The Threat Spreads to America

With only a few modifications, James Franklin was using the same printing press design in Boston in 1717 as Gutenberg had used in 1450. As long as he and other early American printers devoted their presses to ballads, poems, songs, Bibles, and school books, there was usually little to fear from censors. When American printers employed their presses in the criticism of colonial authorities and the British crown, those in authority attempted to retaliate through censorship. In spite of the limited advancement in printing technology over more than two centuries, the press provided the means for widespread expression of opinion and fact.

John Peter Zenger, a New York printer and publisher of the New York Weekly Journal was tried in 1735 for libelling Governor William Cosby. He was acquitted on the grounds that the published statements were true. The printing press allowed Isaiah Thomas to launch bitter, sarcastic, and sometimes fierce criticism against British authority in the colonies. He published the newspaper, The Massachusetts Spy, in Boston, but in 1775 had to move his printing enterprise to Worcester because of pressure from the British.
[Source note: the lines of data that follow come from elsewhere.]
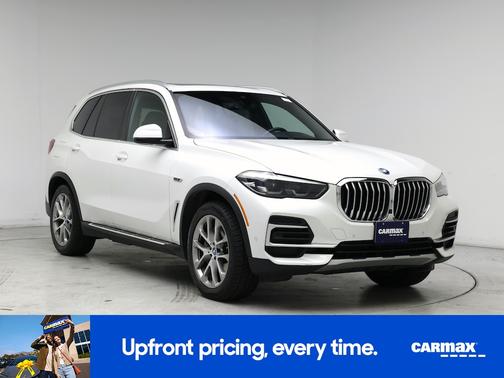 White 2023 BMW X5 PHEV XDrive45e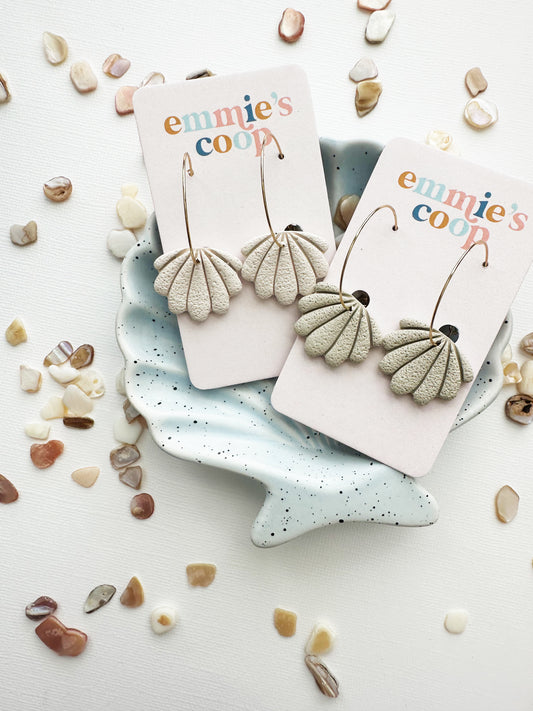 light cream/tan shell // hoops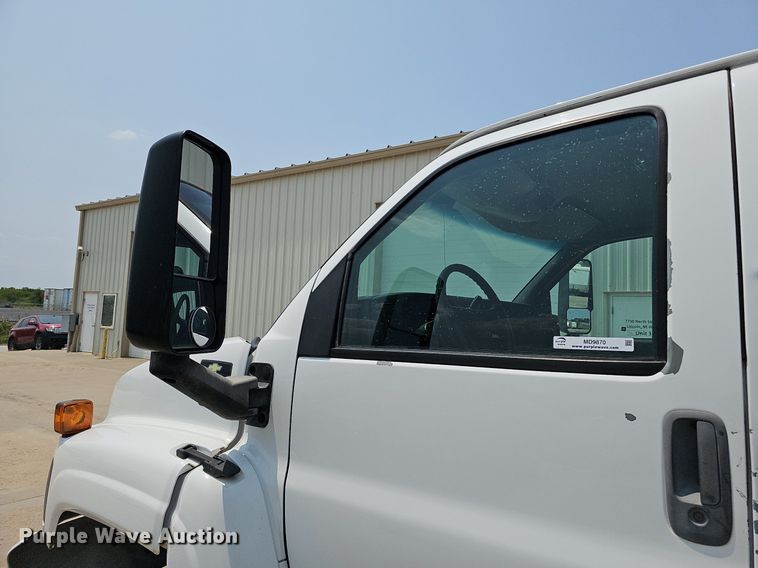 image for item MD9870 2006 GMC C4500  flatbed truck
In the nineteenth century advances in printing technology made it increasingly difficult for censors to exercise control of the press. Friedrich Koenig, a German, is credited with the steam-powered cylinder press in 1811. The rotary press was developed by an American, Richard Hoe, in 1846. Ottmar Mergenthaler, a German in the United States, introduced the linotype in 1884, and in 1905 Ira Rubel invented offset printing. With so many presses in operation and the speed with which printing could be done, it became more difficult for the censor to work with any efficiency. The advent of the computer and on-line access has made it virtually impossible fully to control expression, except in isolated cases or by the most extreme measures.
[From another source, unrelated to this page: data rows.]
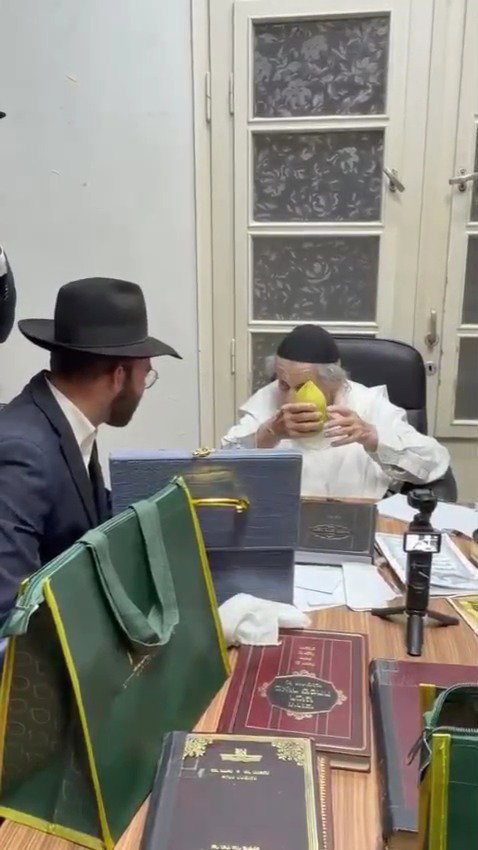 הגר"ד לנדו בבדיקת אתרוגים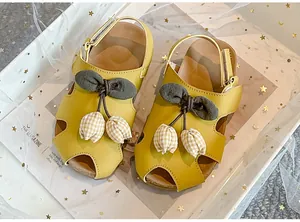 Detailaufnahme der gelben Tulpen-Kindersandalen mit atmungsaktivem Hohldesign.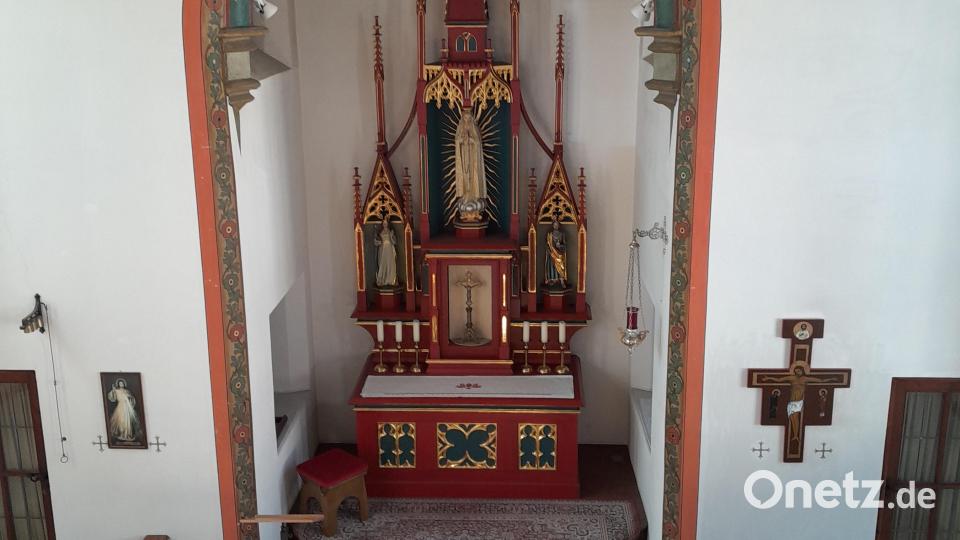 Pfarrer Witt ließ die Kunigundiskirche 1987 in eine Fatimakirche umbauen. Seitdem thront oben im Altar die Muttergottes, Figuren des heiligen Kaiserpaares Heinrich und Kunigunde befinden sich neben dem Tabernakel. Bild: Karl Scheidler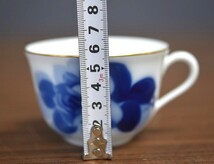 NY2-181【現状品】大倉陶園　ティーカップ　ソーサー　ブルーローズ　洋食器　コーヒーカップ　OKURA　総重量：約450g　中古品　保管品_画像7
The proliferation of books and other materials through the printing press has, from 1450 to the present, caused concern for the censor. The concerns for the early censor settled on ecclesiastical matters and rapidly spread to a variety of religious, political, and moral issues. Those several areas remain at issue, but printing has made the censor’s job more difficult.

Bibliography

Henri-Jean Martin, The History and Power of Writing (Chicago: University of Chicago Press, 1994), translated by Lydia G. Cochrane, describes written communication in its various forms and the effects it has had upon civilization. Douglas C. McMurtrie, The Book: The Story of Printing and Bookmaking (London: Oxford University Press, 1943), is an overview of early book production and detailed accounts of printers of Europe and early America. George Putnam’s Books and Their Makers During the Middle Ages (New York: Hillary House, 1962) describes production and distribution of literature from the fall of the Roman Empire to the close of the seventeenth century. S. H. Steinberg’s Five Hundred Years of Printing (Baltimore, Md.: Penguin Books, 1961) recounts the stories of printers, privileges, and censorship to the twentieth century. Isaiah Thomas’ The History of Printing in America (New York: Weathervane Books, 1970), edited by Marcus A. McCorison, details the work of printers in North America from the Massachusetts Bay Colony to the years following the American Revolution.